Саша вздрагивает, взгляд короткий и странный на него бросает и вперёд идёт, слыша шаги за спиной тихие.

«Я об этом пожалею», – мысленно повторяет он.

***

Но Саша об этом не просто жалеет, много позже из квартиры своей вылетая и дверью едва не хлопая, он себя клянёт на всех известных ему наречиях. Он воздух ночной, холодный глотает жадно, глаза закрывает, жмурится до цветных пятен под веками. В груди так привычно болью дерёт.

Он устал, устал, устал-устал-устал!

Капли дождя рядом падают сначала редкие, потом более частые и крупные. Саша голову назад запрокидывает, струям воды небесной лицо подставляя.

Перед внутренним взором калёным железом выжгли, кажется, юношу хрупкого, изломанной куклой сейчас на его диване свернувшегося в клубок тесный, и глаза заплаканные в подушке прячущего.

Горло удавкой душит. Саша этот мир не-на-ви-дит.

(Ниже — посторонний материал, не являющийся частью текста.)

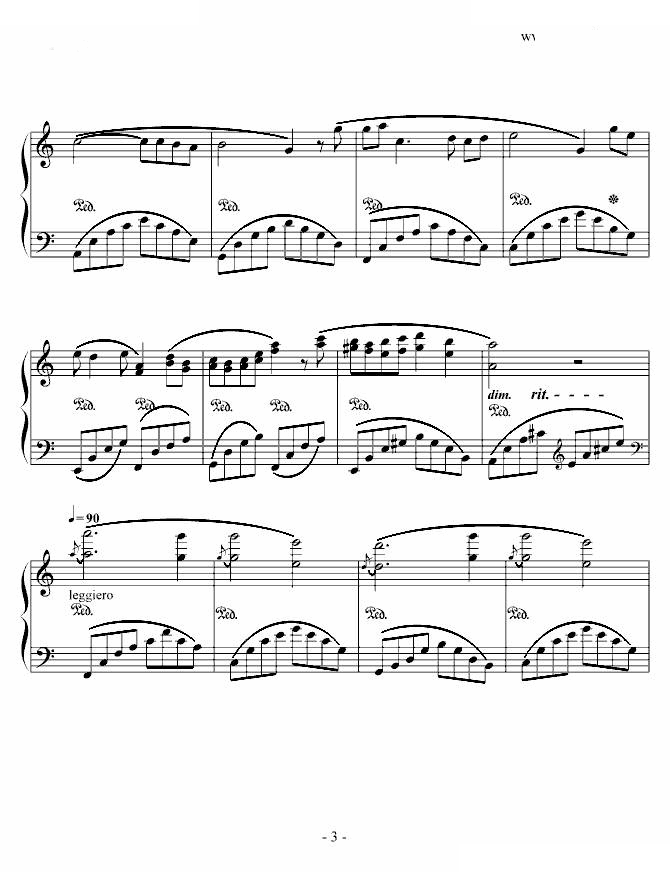轩辕剑外传汉之云主题曲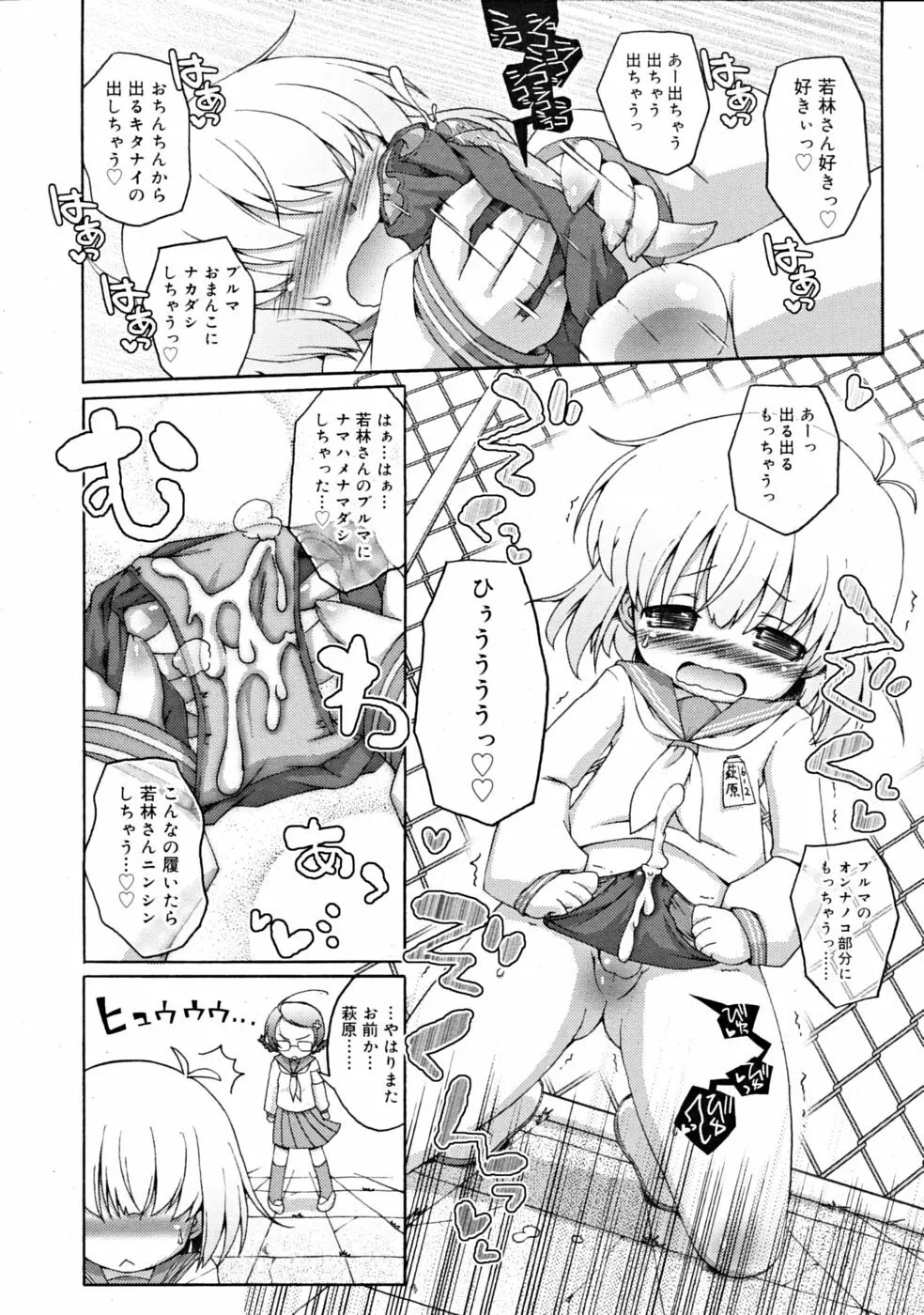 COMIC RiN [2008-11] Vol.47 92ページ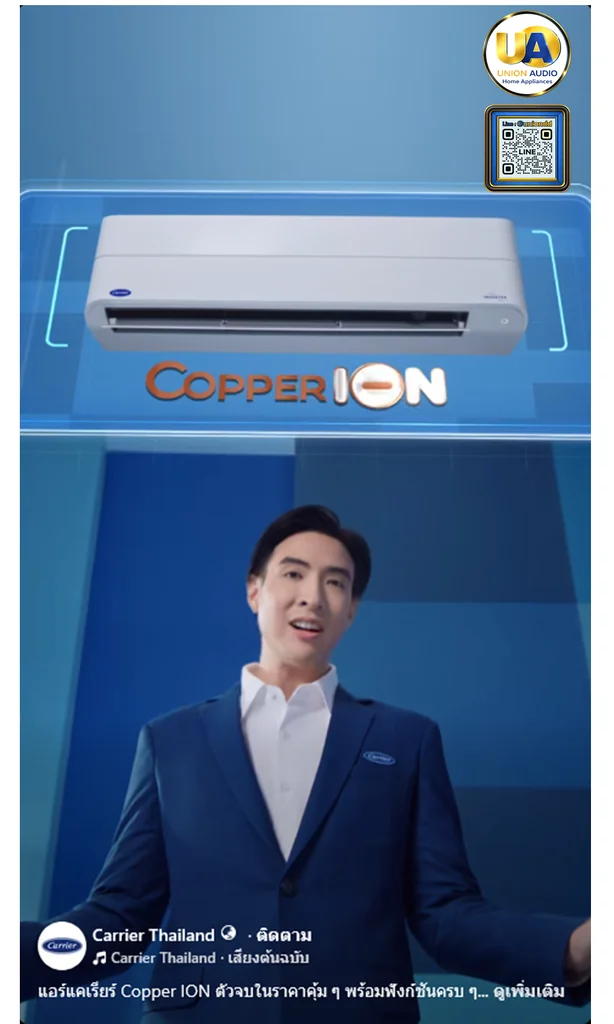 Carrier แอร์ติดผนัง Copper Ion 9,000-24,000 BTU | Inverter แคเรียร์ Carrier แอร์ติดผนัง Copper Ion 9,000-24,000 BTU | Inverter แคเรียร์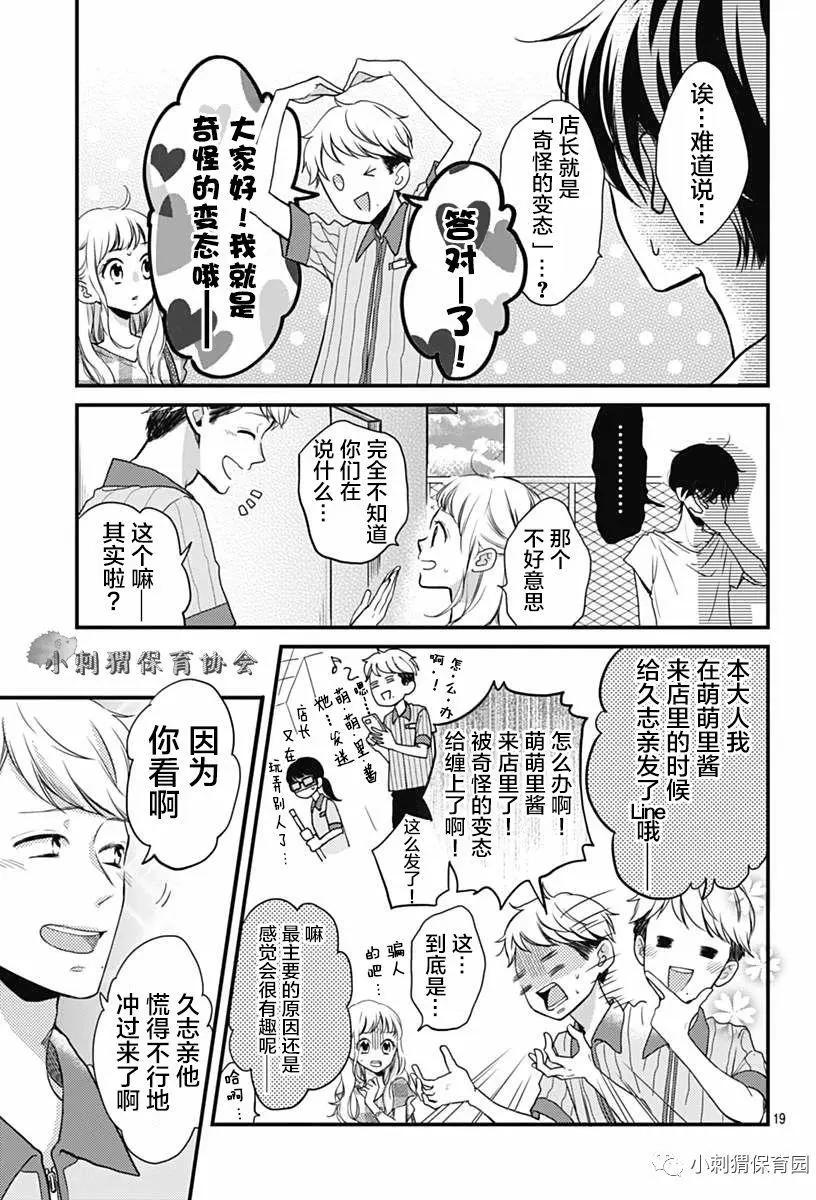 🍝破镜重圆 第06回 第19页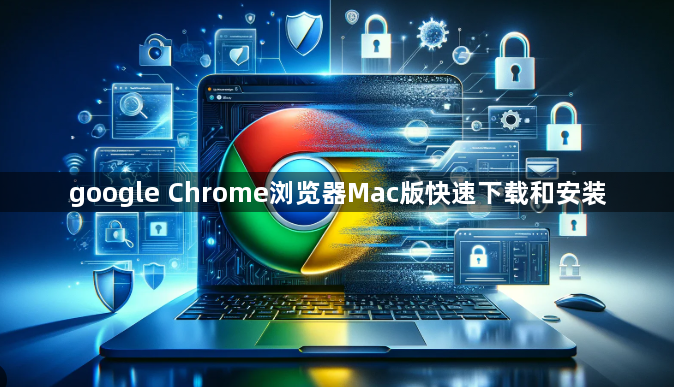 google Chrome浏览器Mac版快速下载和安装1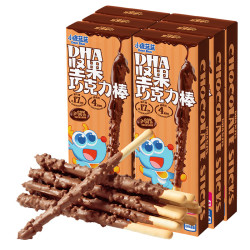 小鹿蓝蓝 DHA坚果巧克力棒儿童零食宝宝磨牙炭烧棒无蔗糖棒棒 DHA坚果巧克力棒*6盒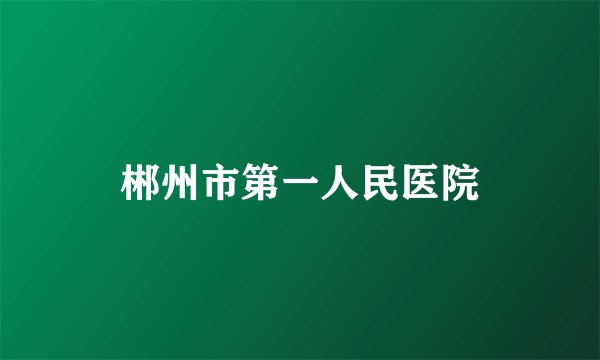 郴州市第一人民医院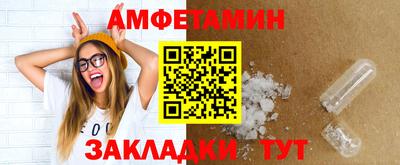 метадон Новокубанск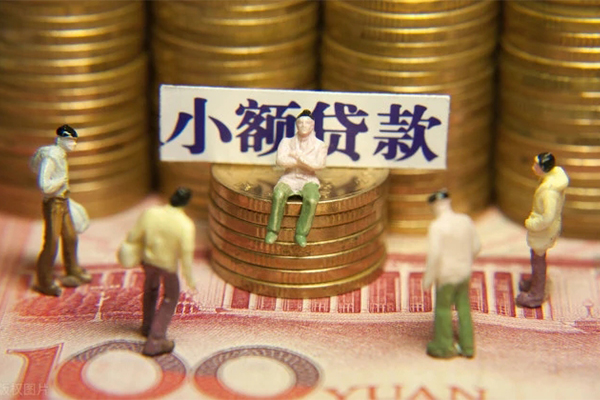 北京19私人工程贷款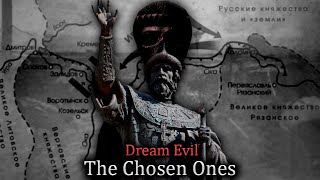 Dream Evil - The Chosen Ones - Русский Перевод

С его губ рык почти звериный срывается.


Не задохнуться

Ярик по лестнице вихрем слетает, на улицу выбегает, сгибается и ладонями в колени упирается. Сердце стучит безумной чечёткой, дыхание, кажется, вообще больше никогда в норму не придёт. Он головой трясёт, будто морок стряхнуть пытается, и стонет негромко, признавая, что это всё, к счастью ли, к горю ли – реальность.

Он выпрямляется резко, взгляд к небесам возводит, замирает на долгий миг, за который события вчерашнего дня восстановить в памяти пытается. Они до ужаса чёткие и острыми почему-то ощущаются, словно хрусталь ломкий.

Ярик задыхается немного, когда вспоминает о том, что он вчера рассказал своему новому знакомому. Всё. Почти без единого умолчания.

Его страхом животным прошивает, он невольно в сторону от идущего мимо человека отшатывается и до скамейки, первой попавшейся, добредает. Его сейчас слишком сильно оглушает осознание, что он по сути чужому человеку доверился без задней мысли, открылся полностью.

Тот парень – «Саша, – напоминает он себе», – словно плащ спокойствия некоего за спиной носит и укрывает им всех, рядом находящихся. Ярик, в его квартире оказавшись, неуютно поначалу себя чувствовал, настороженность в груди таил, но стоило тёмной хвое приглашающе к беседе блеснуть, как его прорвало. Вся та стена, столь упорно возводимая им и защищавшая его от окружающих, рухнула, пеплом рассыпалась.